Performers interacting each other -> physics should be reallocated to same secondary. We would need to: run preUpdate phase, sync secondaries state, run Update phase (physics), sync secondaries state, run postUpdate phase (all in a perfect lockstep fashion).

I'm not sure if we want to be able to handle a combination of this cases when having more than two secondaries. e.g.: supposing one performer per secondary, A is interacting with B and C is not interacting with neither A or B, should C run asynchronously? In that case, we would need some extra information in the message that the primary sends to the secondaries.

Results when running the distributed_levels simulation in my computer:

standalone simulation is completed with RTF of about 800~1200%
distributed, before this PR, RTF was about 30~40%
distributed, after this PR, RTF of about 40~80%

@mjcarroll does the approach of this PR seem correct?

It would probably be good to test what's the benefit of asynchronous primary-secondary stepping in a more realistic simulation (not only physics), any recommended world to test that?

Dec 10 '20 21:12 ivanpauno

It would probably be good to test what's the benefit of asynchronous primary-secondary stepping in a more realistic simulation (not only physics), any recommended world to test that?

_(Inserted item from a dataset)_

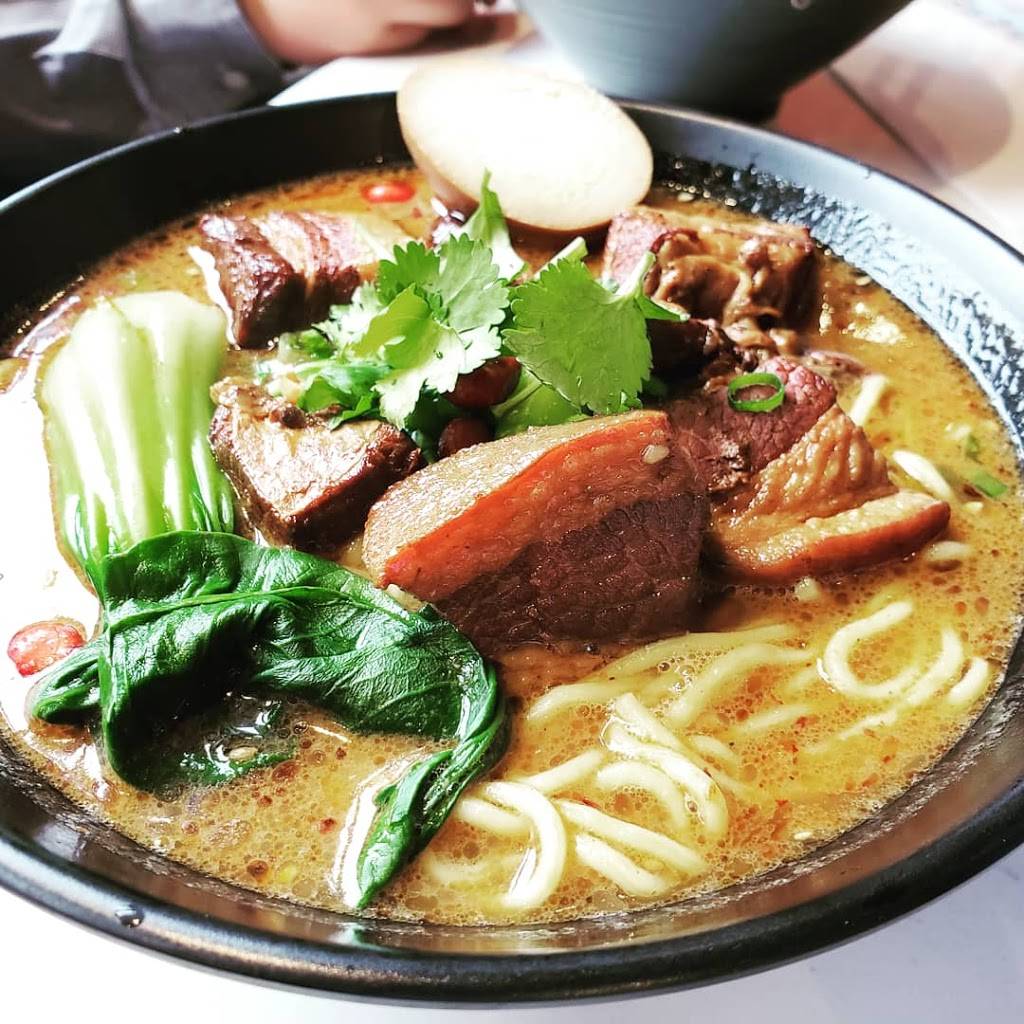 Meet Noodles | restaurant | 1900 Fowler Dr D103, Mississauga, ON L5K 0A1, Canada | 9059168666 OR +1 905-916-8666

As far as platforms, some of the SubT vehicles are probably ideal (longer list here: https://github.com/osrf/subt/wiki/Robots)

Lidar + Camera: https://app.ignitionrobotics.org/openrobotics/fuel/models/X1%20Config%204
Really sensor heavy (lidar + 4 kinects): https://app.ignitionrobotics.org/OpenRobotics/fuel/models/EXPLORER_X1_SENSOR_CONFIG_2

I think it would be reasonable to just place 4 of these on a plane 20 meters apart and use that as the "no interaction" case to see what the speedup looks like.

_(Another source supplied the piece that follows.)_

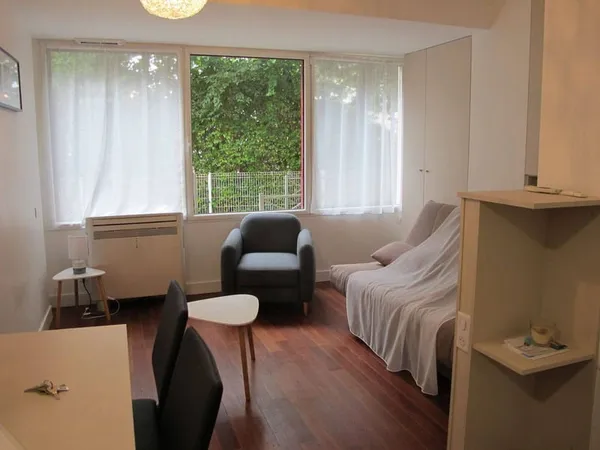 Studio 1 pièce 27 m²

Actual worlds are available in the SubT repo: https://github.com/osrf/subt/tree/master/subt_ign/worlds, but I don't think it's really necessary to use one of those in this stage of development.

Dec 10 '20 21:12 mjcarroll

force-pushed to solve conflicts

Dec 11 '20 13:12 ivanpauno

I have been doing some tests today, it seems to me that allowing the secondaries to make steps asynchronously is not of much benefit and the current performance bottleneck is the primary.

Really sensor heavy (lidar + 4 kinects): https://app.ignitionrobotics.org/OpenRobotics/fuel/models/EXPLORER_X1_SENSOR_CONFIG_2

I used two of those models replacing the box and the sphere in the distributed levels simulation, and the secondaries where always "far ahead" and the primary was always going "quite behind", so there was almost not speedup when letting the secondaries make steps asynchronously. The simulation was allowing the secondaries to move ahead 1000 steps, and the primary had always about 500 secondaries iterations cached and was never waiting for a secondary message.

I did some profiling, it seems that SceneBroadcaster::PostUpdate step is taking much longer (100x) when the simulation is distributed than when it's standalone. I'm not sure what's the reason, but I assume that that behaves differently when entity/components are being updated from a serialized message than when they are being updated locally.

@mjcarroll I have a bunch of questions:

are this results expected?
does it worth exploring why the SceneBroadcaster::PostUpdate is much slower in the distributed case and optimizing it?

If we are not going to make the primary go faster, in the only case where there might be a benefit of allowing the secondaries to make steps asynchronously is if the secondaries are really "heavy loaded", but I'm not sure if this is going to be the case in a subT world. Maybe, the world I'm using for the tests is still too simple.

Dec 11 '20 21:12 ivanpauno

Last commit has the modified "distributed_levels" example I'm using for testing

Dec 11 '20 21:12 ivanpauno

@mjcarroll I have created some scripts that allows to run N robots in M secondaries, and it records stats using ign_imgui.

Typical usage:

#standalone
cd ~/my_ws/src/ign-gazebo/examples/scripts/distributed_levels
# Run with 8 robots
# Will generate an `stats_standalone_r8.csv` that can be visualized with `ign_imgui -i <PATH_TO_CSV>`
./standalone.sh -r 8

# distributed, machines running a secondary
cd ~/my_ws/src/ign-gazebo/examples/scripts/distributed_levels
./secondary.sh -r 8  # run with 8 robots

# distributed, machines running the primary
cd ~/my_ws/src/ign-gazebo/examples/scripts/distributed_levels
# Run with 8 robots, 2 secondaries (4 robots each secondary).
# Will generate an `stats_primary_r8_s2.csv` that can be visualized with `ign_imgui -i <PATH_TO_CSV>`
./primary.sh -r 8 -s 2

My ign_imgui fork is here, and allows recording the histogram and stats to a CSV file and loading them.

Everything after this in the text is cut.